Billet - Le néganthrope
Je disais l’autre jour à un mien camarade que l’entropie, piège pour Trissotin, me paraissait aujourd’hui un concept fructueux. Mon ami se pique de science et sait que je n’y entends rien. Aussi rappela-t-il, simplifiant à mon usage, que si je mêle un demi-verre d’eau chaude et un autre d’eau froide, j’obtiens un verre d’eau tiède lequel, si je le laisse tranquille, sera bientôt froid. Toute énergie se dégrade en ce bas monde en sorte que celui-ci, abandonné à lui-même, tendrait vers l’indistinction. Assuré de ce point de départ, nous observâmes de concert que le propre de l’homme pourrait bien être de lutter contre cette dégradation entropique. Sur quoi mon interlocuteur, féru de mauvais calembours comme le sont souvent les savants désireux de se divertir, proposa de nommer « néganthrope » le trublion humain.
Nous nous mîmes à détailler les œuvres par lesquelles le malheureux poursuit obstinément son combat. Nous vîmes que ce labeur immémorial visait tout bonnement à séparer les choses, créant ainsi de l’ordre, ordre vital. La maison qu’il bâtit le sépare de l’espace hostile. Ses maisons font des villes, distinctes de l’univers campagnard. Il s’évertue à renforcer les différences, charmantes ou nécessaires, que la nature a instituées entre hommes et femmes. Il trace des frontières, séparant les hommes innombrables en entités maîtrisables. Il exalte à son profit, et souvent affreusement, les couleurs et les formes qui distinguent les races. Au sein d’une même cité, il instaure des classes, donnant du « Monsieur » à l’un et du « Mon brave » à l’autre. Obéissant à la malédiction babélienne, il invente des façons diverses de s’exprimer, lesquelles définissent l’étranger. Il morcelle même le temps insaisissable : « Trois mille six cents fois par heure la seconde / Chuchote : Souviens-toi ! » (1).

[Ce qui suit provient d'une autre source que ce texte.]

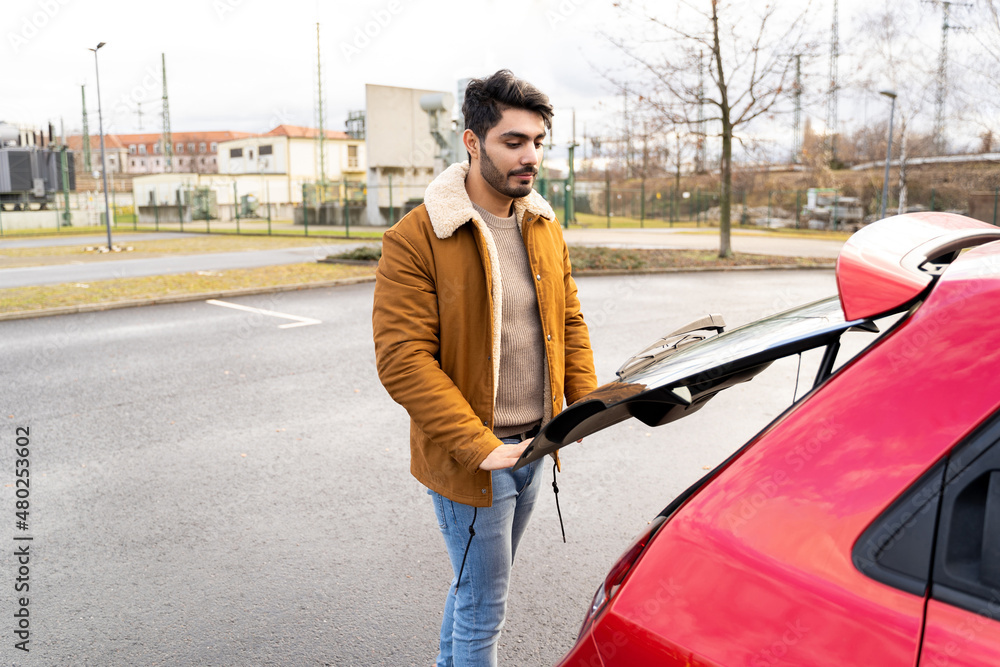 Obraz premium Young latin or arab eastern indian pakistani man taking out or putting stuff in trunk of red rental car on parking slot of urban city getting ready for ride. Travel, car sharing, journey, adventure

Comme mon ami se réjouissait de cette démonstration, je lui fis observer que sa jubilation était bien mal venue, que l’entropie avait plus d’un tour dans son sac, que son néganthrope était en perdition et que, calembour pour calembour, c’est philentrope qu’il fallait désormais le nommer. Ne vois-tu pas, lui dis-je, le prodigieux retournement qui, commencé depuis quelques siècles, se précipite en une accélération sans frein ? À tout instant par Internet n’importe qui dit de n’importe où n’importe quoi à n’importe qui. Saluant cette « libération », l’époque voit dans la mondialisation vertu et dans la séparation scandale. Vive le désordre, dit le désordonné, créateur d’entropie, homme à l’envers ! La fin du monde est là, retour à la case départ. Dieu, alors, inévitable ! qu’attend-il, désormais, de l’homme ? Que, contre toute attente, il se remette à la tâche qui lui avait été assignée, Sisyphe acharné à hisser son rocher sur la pente entropique ? Qu’à l’inverse, au final de la pièce, il se fasse auxiliaire de l’Éternel en sa sortie de scène ? C’est à ce deuxième parti que semble se rallier Jean Baudrillard, voyant « l’espèce humaine investie de cette noble tâche : déclencher le code de disparition automatique du monde » (2). ♦
(1) Baudelaire, « L’Horloge », in Les Fleurs du mal.
(2) Le crime parfait, Galilée, 1995.